Dataset extract |
____

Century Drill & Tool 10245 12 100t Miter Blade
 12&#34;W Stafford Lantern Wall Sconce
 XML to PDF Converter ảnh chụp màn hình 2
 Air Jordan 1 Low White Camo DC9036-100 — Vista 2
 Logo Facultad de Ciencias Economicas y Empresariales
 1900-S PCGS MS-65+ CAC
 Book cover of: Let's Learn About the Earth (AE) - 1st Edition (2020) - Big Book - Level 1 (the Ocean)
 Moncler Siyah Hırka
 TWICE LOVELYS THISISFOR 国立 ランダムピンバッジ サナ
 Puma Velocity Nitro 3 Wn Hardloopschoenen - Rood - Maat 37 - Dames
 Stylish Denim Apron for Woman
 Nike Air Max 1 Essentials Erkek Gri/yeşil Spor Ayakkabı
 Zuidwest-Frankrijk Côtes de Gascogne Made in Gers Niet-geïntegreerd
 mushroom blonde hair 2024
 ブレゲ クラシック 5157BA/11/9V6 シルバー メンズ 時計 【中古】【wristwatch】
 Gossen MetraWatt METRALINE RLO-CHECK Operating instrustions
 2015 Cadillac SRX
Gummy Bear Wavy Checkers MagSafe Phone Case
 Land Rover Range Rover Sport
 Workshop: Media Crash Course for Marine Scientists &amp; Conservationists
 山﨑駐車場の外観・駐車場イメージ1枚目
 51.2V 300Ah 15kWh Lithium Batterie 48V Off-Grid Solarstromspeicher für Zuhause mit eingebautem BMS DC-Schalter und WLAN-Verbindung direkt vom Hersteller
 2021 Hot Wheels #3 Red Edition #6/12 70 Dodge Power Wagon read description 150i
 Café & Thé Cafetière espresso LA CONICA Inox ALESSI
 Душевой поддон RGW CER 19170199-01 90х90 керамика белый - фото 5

____

What to work on | Nothing is to be left out; reproduce each record exactly.

Completed task |
Century Drill & Tool 10245 12 100t Miter Blade
 12&#34;W Stafford Lantern Wall Sconce
 XML to PDF Converter ảnh chụp màn hình 2
 Air Jordan 1 Low White Camo DC9036-100 — Vista 2
 Logo Facultad de Ciencias Economicas y Empresariales
 1900-S PCGS MS-65+ CAC
 Book cover of: Let's Learn About the Earth (AE) - 1st Edition (2020) - Big Book - Level 1 (the Ocean)
 Moncler Siyah Hırka
 TWICE LOVELYS THISISFOR 国立 ランダムピンバッジ サナ
 Puma Velocity Nitro 3 Wn Hardloopschoenen - Rood - Maat 37 - Dames
 Stylish Denim Apron for Woman
 Nike Air Max 1 Essentials Erkek Gri/yeşil Spor Ayakkabı
 Zuidwest-Frankrijk Côtes de Gascogne Made in Gers Niet-geïntegreerd
 mushroom blonde hair 2024
 ブレゲ クラシック 5157BA/11/9V6 シルバー メンズ 時計 【中古】【wristwatch】
 Gossen MetraWatt METRALINE RLO-CHECK Operating instrustions
 2015 Cadillac SRX
Gummy Bear Wavy Checkers MagSafe Phone Case
 Land Rover Range Rover Sport
 Workshop: Media Crash Course for Marine Scientists &amp; Conservationists
 山﨑駐車場の外観・駐車場イメージ1枚目
 51.2V 300Ah 15kWh Lithium Batterie 48V Off-Grid Solarstromspeicher für Zuhause mit eingebautem BMS DC-Schalter und WLAN-Verbindung direkt vom Hersteller
 2021 Hot Wheels #3 Red Edition #6/12 70 Dodge Power Wagon read description 150i
 Café & Thé Cafetière espresso LA CONICA Inox ALESSI
 Душевой поддон RGW CER 19170199-01 90х90 керамика белый - фото 5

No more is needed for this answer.